**** PROVIDED RECORDS

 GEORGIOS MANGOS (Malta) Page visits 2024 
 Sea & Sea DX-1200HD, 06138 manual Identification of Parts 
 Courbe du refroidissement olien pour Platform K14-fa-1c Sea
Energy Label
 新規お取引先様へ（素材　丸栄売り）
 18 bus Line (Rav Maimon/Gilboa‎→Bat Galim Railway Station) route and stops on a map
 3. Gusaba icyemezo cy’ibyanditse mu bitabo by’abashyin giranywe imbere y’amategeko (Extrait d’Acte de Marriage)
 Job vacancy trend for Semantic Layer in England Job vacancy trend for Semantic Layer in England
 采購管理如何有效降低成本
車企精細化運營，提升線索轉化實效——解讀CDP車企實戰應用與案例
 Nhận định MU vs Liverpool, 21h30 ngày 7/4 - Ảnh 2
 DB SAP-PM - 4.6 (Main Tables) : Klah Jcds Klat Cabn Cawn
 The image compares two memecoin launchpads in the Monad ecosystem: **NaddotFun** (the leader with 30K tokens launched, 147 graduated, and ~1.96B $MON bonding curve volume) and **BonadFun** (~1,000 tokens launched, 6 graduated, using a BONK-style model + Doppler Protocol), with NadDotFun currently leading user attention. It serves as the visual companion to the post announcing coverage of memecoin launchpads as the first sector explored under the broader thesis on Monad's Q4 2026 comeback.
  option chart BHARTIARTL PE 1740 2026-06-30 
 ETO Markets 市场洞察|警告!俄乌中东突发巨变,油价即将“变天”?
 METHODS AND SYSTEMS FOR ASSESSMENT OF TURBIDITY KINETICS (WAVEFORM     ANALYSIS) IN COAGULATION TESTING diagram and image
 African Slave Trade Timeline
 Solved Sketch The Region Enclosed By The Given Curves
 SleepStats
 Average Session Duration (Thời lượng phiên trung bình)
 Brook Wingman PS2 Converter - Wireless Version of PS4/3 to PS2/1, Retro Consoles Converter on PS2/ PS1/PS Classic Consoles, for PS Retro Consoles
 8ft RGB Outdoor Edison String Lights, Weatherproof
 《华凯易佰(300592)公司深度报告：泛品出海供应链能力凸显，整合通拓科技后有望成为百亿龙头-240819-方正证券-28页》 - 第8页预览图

********

§ TASK DETAILS:
Take the entries above and return only the lines from the one with "Nhận định MU" to the one with "DB SAP-PM - 4.6", both included, unchanged.

§ ANSWER SECTION:
 Nhận định MU vs Liverpool, 21h30 ngày 7/4 - Ảnh 2
 DB SAP-PM - 4.6 (Main Tables) : Klah Jcds Klat Cabn Cawn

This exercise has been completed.